States often pay private health care providers on a
per-inmate, per-day basis. That creates an incentive to cut costs. The market
forces that discipline private providers on the outside, however, don’t apply
in prison. There is no consumer choice. An inmate who doesn’t think medical
treatment is up to par can’t switch to another prison, let alone a different
hospital. And if the state, not the prisoner, is the customer, state officials
don’t always know what they’re getting. Record-keeping is notoriously poor, and
in some states, the department of corrections doesn’t even receive annual
reports from its vendors.
When prison health care was first privatized in a major way,
there was little reliable actuarial data, so it wasn’t clear what a reasonable
price structure would look like. Over time, governments figured that
information out and started writing better contracts, but that led to shrinking
profit margins for vendors.
There have been other stresses on the business model. What
was a growth area a decade ago is now stagnant. The state systems and large
jails that are likely to privatize have already done so. With few new contracts
out for bidding, providers low-ball one another in order to get business. That
leaves yet less money available for care.

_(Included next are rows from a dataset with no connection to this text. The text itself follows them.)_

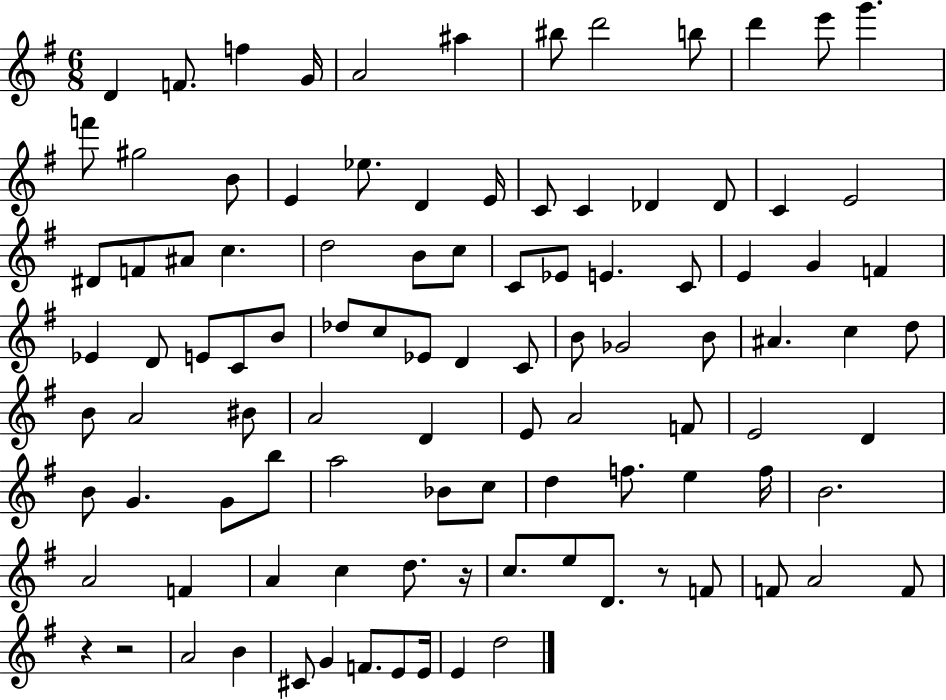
{
  \clef treble
  \numericTimeSignature
  \time 6/8
  \key g \major
  d'4 f'8. f''4 g'16 | a'2 ais''4 | bis''8 d'''2 b''8 | d'''4 e'''8 g'''4. | \break f'''8 gis''2 b'8 | e'4 ees''8. d'4 e'16 | c'8 c'4 des'4 des'8 | c'4 e'2 | \break dis'8 f'8 ais'8 c''4. | d''2 b'8 c''8 | c'8 ees'8 e'4. c'8 | e'4 g'4 f'4 | \break ees'4 d'8 e'8 c'8 b'8 | des''8 c''8 ees'8 d'4 c'8 | b'8 ges'2 b'8 | ais'4. c''4 d''8 | \break b'8 a'2 bis'8 | a'2 d'4 | e'8 a'2 f'8 | e'2 d'4 | \break b'8 g'4. g'8 b''8 | a''2 bes'8 c''8 | d''4 f''8. e''4 f''16 | b'2. | \break a'2 f'4 | a'4 c''4 d''8. r16 | c''8. e''8 d'8. r8 f'8 | f'8 a'2 f'8 | \break r4 r2 | a'2 b'4 | cis'8 g'4 f'8. e'8 e'16 | e'4 d''2 | \break \bar "|."
}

Some argue that prison health would improve if it were
treated as part of the local community health safety net system. Communities
are not immune to what happens inside their prisons, whether it’s opioid
addiction or infectious disease. But most taxpayers on the outside don’t see
prison health problems affecting their own well-being. The reality may be that
treatment for those people society wants to punish will never become a top
priority.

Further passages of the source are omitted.